◆ Task description:
Each line that contains the string "đồng" counts once; report how many such lines appear in the data, as a number only.

*** Opening of Data to process ***

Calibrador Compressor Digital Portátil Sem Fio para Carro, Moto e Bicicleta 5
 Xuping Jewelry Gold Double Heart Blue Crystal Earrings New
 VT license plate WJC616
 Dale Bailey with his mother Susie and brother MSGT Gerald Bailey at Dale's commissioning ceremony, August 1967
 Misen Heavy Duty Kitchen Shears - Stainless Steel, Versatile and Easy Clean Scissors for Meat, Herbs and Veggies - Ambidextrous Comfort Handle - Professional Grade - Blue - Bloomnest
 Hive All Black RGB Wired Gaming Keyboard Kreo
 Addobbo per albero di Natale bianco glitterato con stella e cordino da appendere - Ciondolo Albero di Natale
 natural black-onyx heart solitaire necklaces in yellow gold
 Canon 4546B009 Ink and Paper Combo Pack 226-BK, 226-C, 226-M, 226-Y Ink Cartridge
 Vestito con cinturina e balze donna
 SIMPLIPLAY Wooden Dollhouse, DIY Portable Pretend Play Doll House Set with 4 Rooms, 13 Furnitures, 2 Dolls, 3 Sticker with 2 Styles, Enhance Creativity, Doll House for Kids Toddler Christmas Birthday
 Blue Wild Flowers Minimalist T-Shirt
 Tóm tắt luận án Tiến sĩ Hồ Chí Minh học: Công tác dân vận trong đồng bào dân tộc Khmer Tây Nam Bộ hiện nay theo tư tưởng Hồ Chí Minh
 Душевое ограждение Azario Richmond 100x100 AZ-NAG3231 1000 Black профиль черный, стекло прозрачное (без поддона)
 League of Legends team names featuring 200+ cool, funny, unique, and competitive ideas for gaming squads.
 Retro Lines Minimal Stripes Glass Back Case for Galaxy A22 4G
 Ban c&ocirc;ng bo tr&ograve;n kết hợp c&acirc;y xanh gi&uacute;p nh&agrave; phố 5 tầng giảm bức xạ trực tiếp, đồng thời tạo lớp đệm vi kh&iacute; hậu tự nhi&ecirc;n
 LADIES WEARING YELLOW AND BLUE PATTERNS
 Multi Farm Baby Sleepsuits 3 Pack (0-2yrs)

*** Close of Data to process ***

◆ Response to this task:
2